Thursday, April 30, 2009

A reality check: Content writing doesn't bring enough of them (checks,that is)


I got a big wake-up call yesterday. During much of this year, I've been losing print clients, some big, some small. Many of them simply went out of business thanks to declining ad sales. Others became online only publications. And still others eliminated their freelance-writing budgets entirely.

This has been nerve-wracking. But I've been holding things together. It helps that I also have a full-time, part-time magazine-editing job that pays my mortgage.

Then yesterday, my top freelance client gave me the news I'd been dreading: This trade magazine, too, was cutting back. I'll still get freelance assignments from them. But instead of two a month, I'll probably end up with one every other month. That's a huge, painful drop.
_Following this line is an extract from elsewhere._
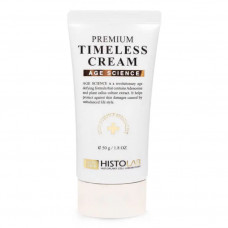 Крем для кожи вокруг глаз, Histolab Age Science Premium Eye Cream, 50 мл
It's sent me back to the world of pitching again. Yesterday I had some success: A real estate agent is interested in having me ghostwrite his blog for him. A newspaper chain may have me write a weekly real estate column for them. And a book publisher might hire me out to write a chapter or two in one of its trivia books.

I felt better at the end of the day, though still nervous. There's no guarantee that any of the above three projects will come to fruition.

What I didn't do yesterday was any content writing for Suite 101, Examiner.com, Demand Studios or any of my niche blogs. When faced with the loss of some very real dollars, the content writing just didn't seem worth it. The payoff is too low.

It reminds me that while experimenting with content writing is OK, relying on it for any serious money is a mistake. When things get tight, it's time to go back to the basics of pitching stories to new publications and reconnecting with editors you've worked with in the past. It's the only way to recover when you've lost a well-paying regular client.